Revisiting My Master's Degree: Six Years Later
Introducing The Series
1/17/20269 min read


In the fall of 2018, I started taking graduate courses at UC San Diego while working full time as an electrical engineer in the defense industry. By spring 2020, I had completed a master's degree in electrical engineering: twelve courses spanning VLSI design, communication circuits, machine learning, antennas, control systems, and motor drives. At the time, I wasn't entirely sure what I'd do with it. Now, six years out, I'm starting a series to revisit each course and evaluate what turned out to matter in my career since and where the technology topics have progressed since.
This is an attempt to help me reflect and understand. I want to revisit what I expected to learn versus what I actually learned, which concepts have stayed relevant in my work, and which felt important then but disappeared from view. I'm also curious about how the field itself has shifted. For example machine learning in 2019 looked very different than it does now. RF circuit design principles are relatively stable, but the applications and constraints have evolved.
Why I Did It
I'd always wanted to pursue a graduate degree. I'm curious by nature, and I wanted to keep learning beyond what my undergraduate education and early work experience had given me. I knew there were entire domains of electrical engineering I'd barely touched, and a graduate program felt like the right way to get exposure to those topics in a structured, rigorous way. I also believed that deeper technical knowledge would help me advance my career, even if I wasn't sure exactly how. I wasn't aiming for a particular role, but I knew I wanted to expose and challenge myself in specializations across different areas.
The practical reason was simpler: my employer offered a tuition reimbursement benefit, and the in state tuition at UCSD was below the maximum benefit. The financial risk was zero, and the opportunity felt rare given where I was in my career. It was early enough that I still had the bandwidth to take on something this consuming, but no doubt I was naïve to just exactly what I was getting into. My main thoughts were the degree might position me either for more specialized design work or technical leadership down the line.

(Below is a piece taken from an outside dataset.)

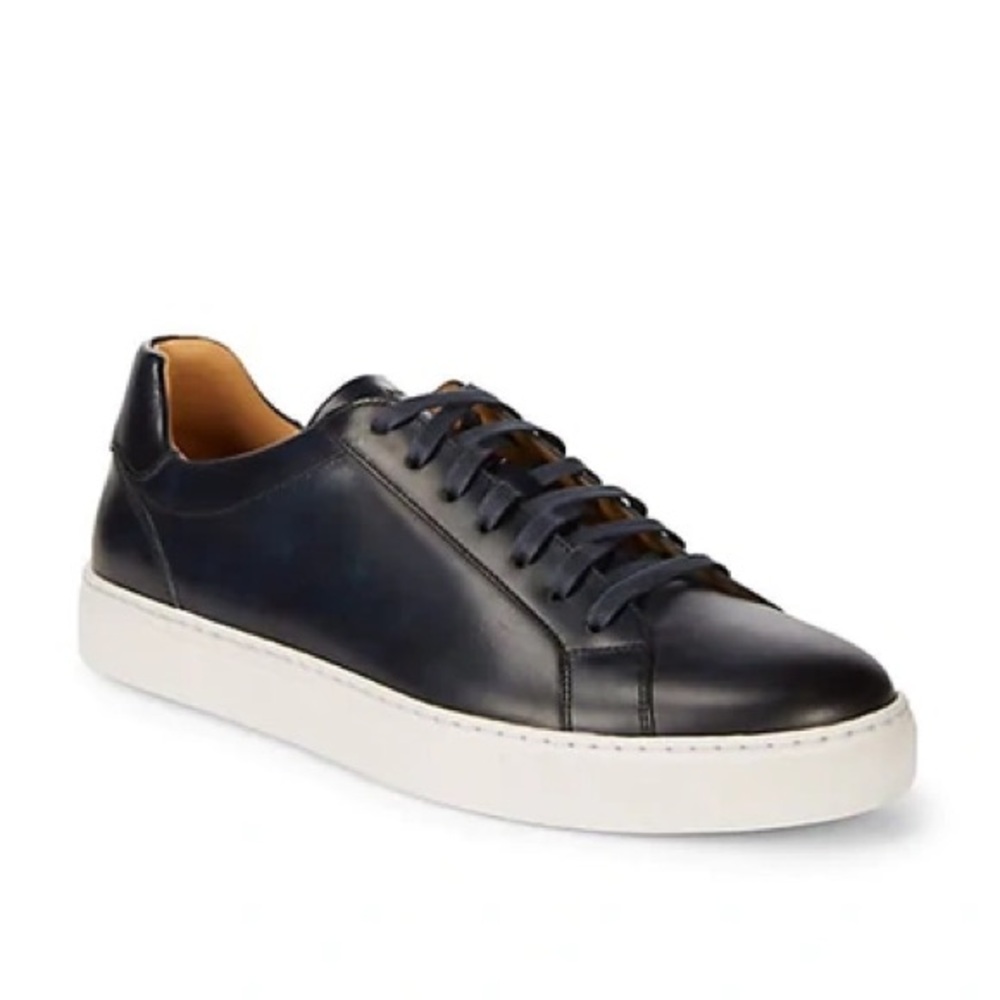 Magnanni Elonso Low Top Sneaker In Black Leather size 9.5 M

There was also a less tangible motivation. I'd been working in digital design for a few years, mostly focused on FPGAs and embedded systems, but I'd always been interested in RF. RF design seemed more challenging, harder to understand, harder to build intuition for, and harder to get right. The physics mattered more. Parasitics and electromagnetic effects that you could mostly ignore in digital designs became first-order concerns (though nowadays high speed digital has many of the same concerns). I wanted to understand that world, even if it wasn't what I was doing day-to-day. UCSD's RF program also had strong ties to Qualcomm, and the faculty were working on problems that mattered in real wireless systems. That practical grounding appealed to me. I didn't just want to study abstract theory, I wanted to learn from people who were connected to the challenges that industry actually cared about.
What It Was Actually Like
The first quarter was a rude awakening. I took three courses: VLSI design, solid state electronics, and digital image processing. All three were harder than anything I'd done in undergrad, and I hadn't anticipated how much time I'd need just to keep up. I was still adjusting to full-time work and a full-time course load, and I hadn't yet developed the discipline to study efficiently in the narrow windows between work and sleep. I spent weekends trying to catch up on problem sets, but often times getting stuck at points where my notes were not sufficient. I was also still taking handwritten notes on paper, while nearly all my classmates were using iPads. I didn't realize what a disadvantage that was until a few weeks in. The lectures were all given with PowerPoint slides, and everyone else could just annotate directly on the digital files. I was frantically copying diagrams and equations by hand, losing time and clarity in the process. My notes from that quarter are a mess.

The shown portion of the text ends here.